--- EXERCISE DATA Enclosed Below ---

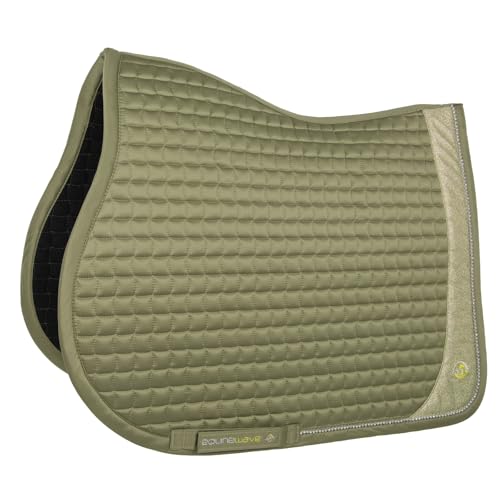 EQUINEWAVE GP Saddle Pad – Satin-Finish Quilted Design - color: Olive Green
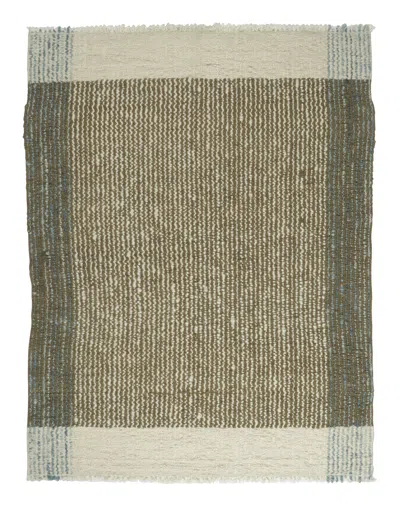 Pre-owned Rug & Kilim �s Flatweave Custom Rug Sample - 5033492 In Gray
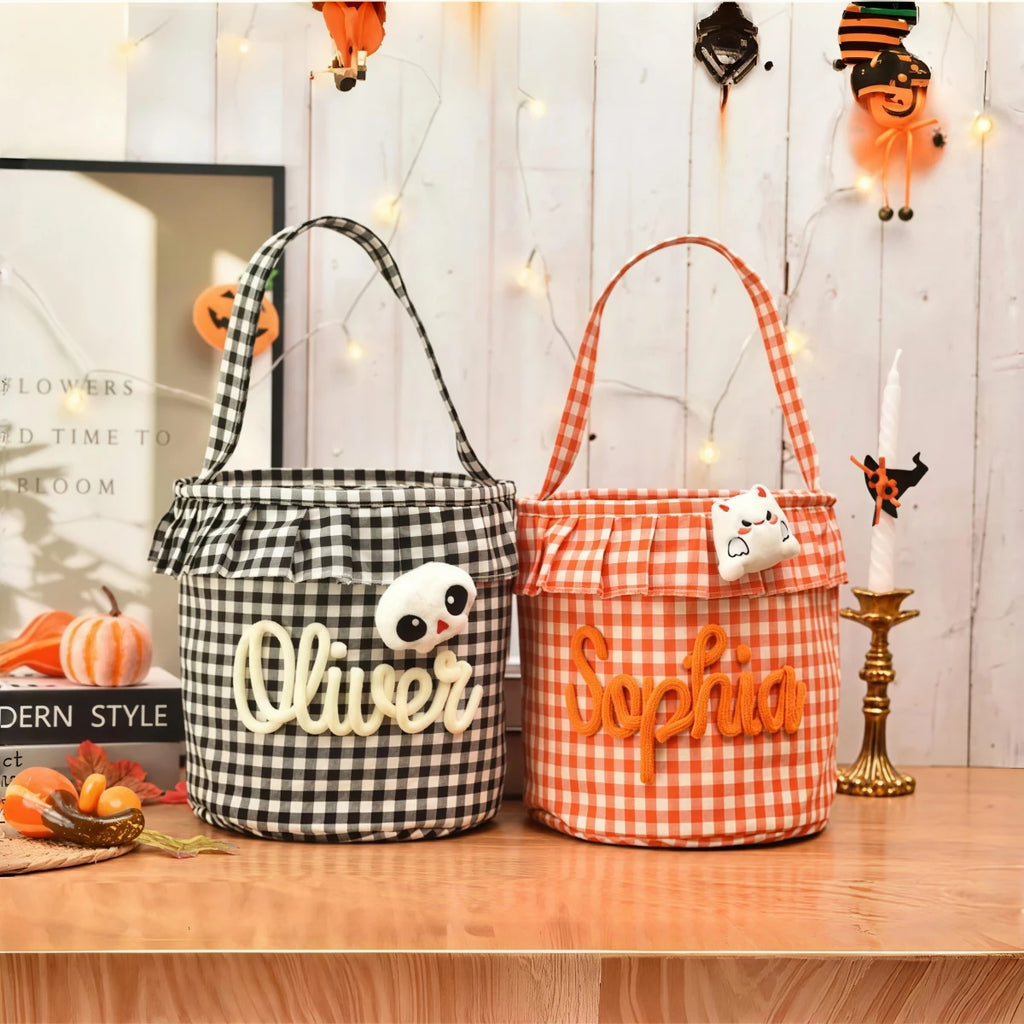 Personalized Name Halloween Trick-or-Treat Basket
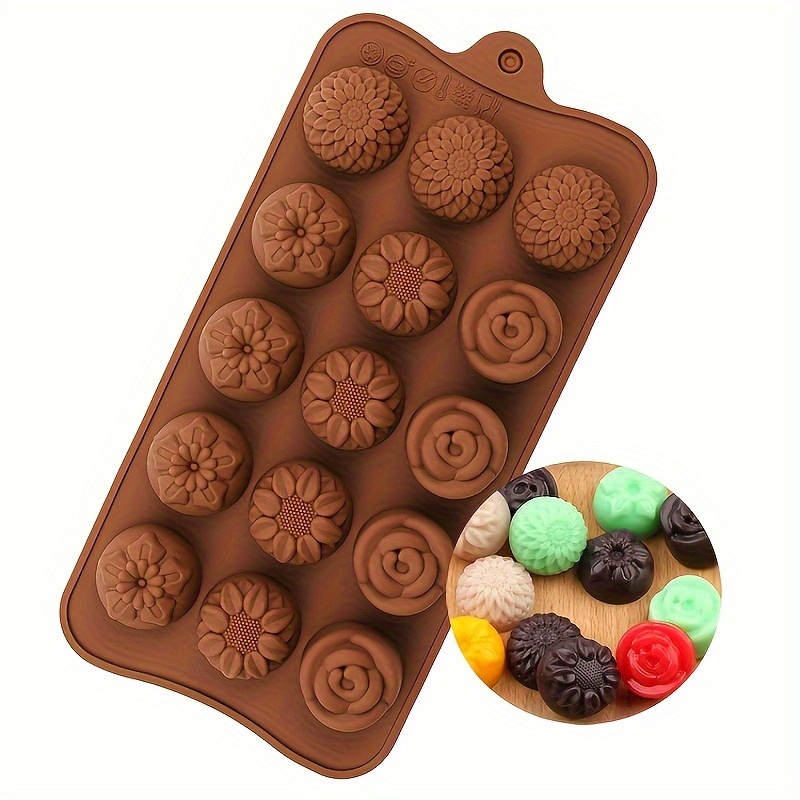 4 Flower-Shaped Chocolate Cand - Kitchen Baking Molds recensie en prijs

--- End of Enclosed EXERCISE DATA ---
--- EXERCISE DATA Enclosed Below ---

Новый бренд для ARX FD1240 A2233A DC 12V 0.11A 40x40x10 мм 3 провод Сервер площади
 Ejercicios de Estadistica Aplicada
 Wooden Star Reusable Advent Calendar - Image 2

--- End of Enclosed EXERCISE DATA ---
--- EXERCISE DATA Enclosed Below ---

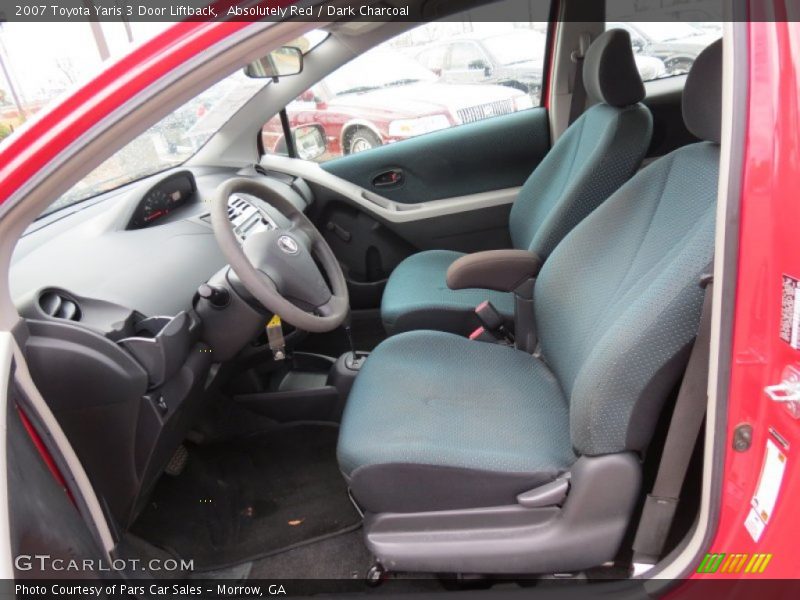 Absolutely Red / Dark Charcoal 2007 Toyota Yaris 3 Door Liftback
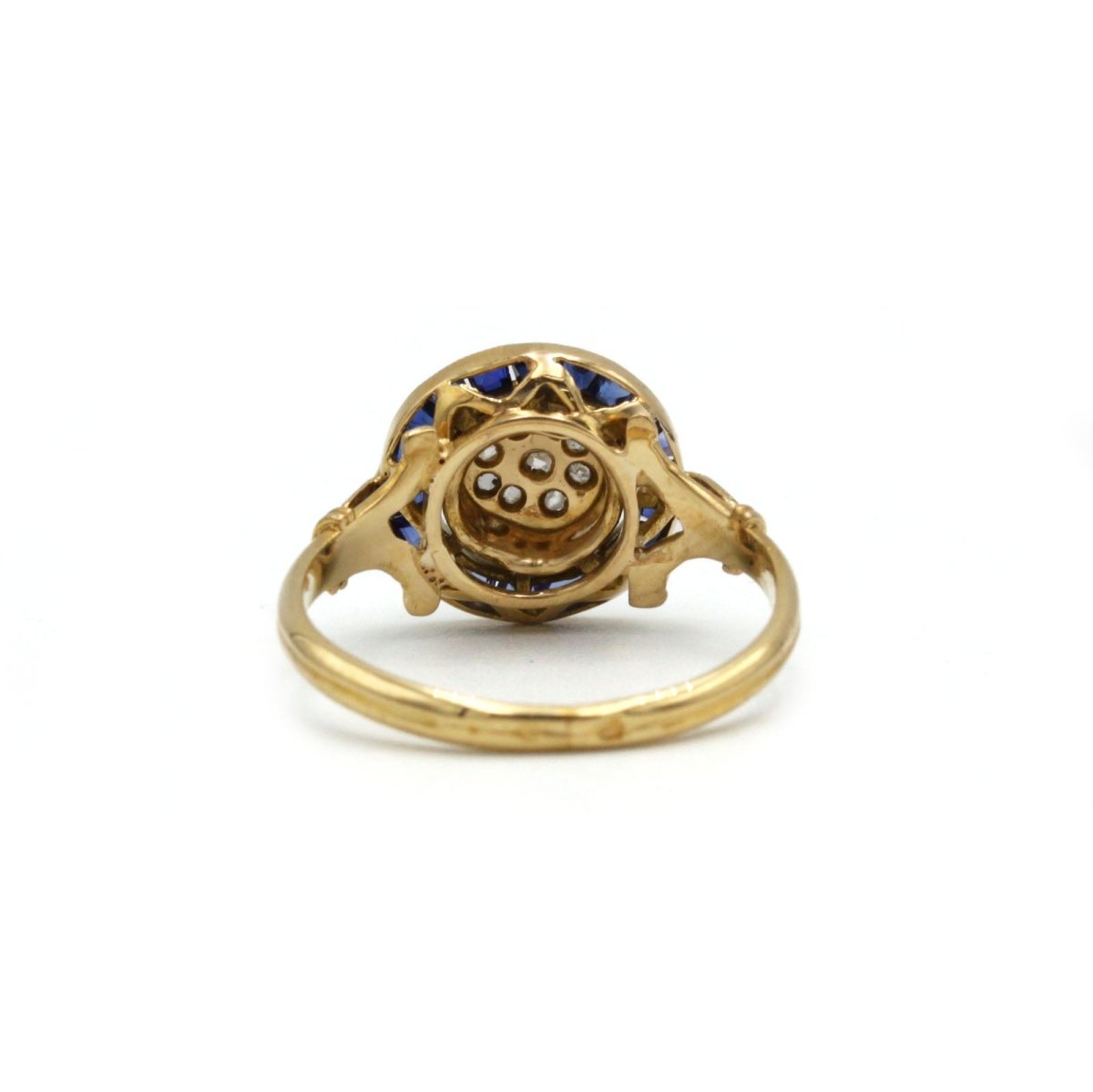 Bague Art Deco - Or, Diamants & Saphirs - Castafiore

--- End of Enclosed EXERCISE DATA ---

# WHAT YOU HAVE TO DO
From the records above, extract exactly and only the lines that begin at the line with "Новый бренд для" and stop after the line with "Wooden Star Reusable".

# COMPLETED TASK
Новый бренд для ARX FD1240 A2233A DC 12V 0.11A 40x40x10 мм 3 провод Сервер площади
 Ejercicios de Estadistica Aplicada
 Wooden Star Reusable Advent Calendar - Image 2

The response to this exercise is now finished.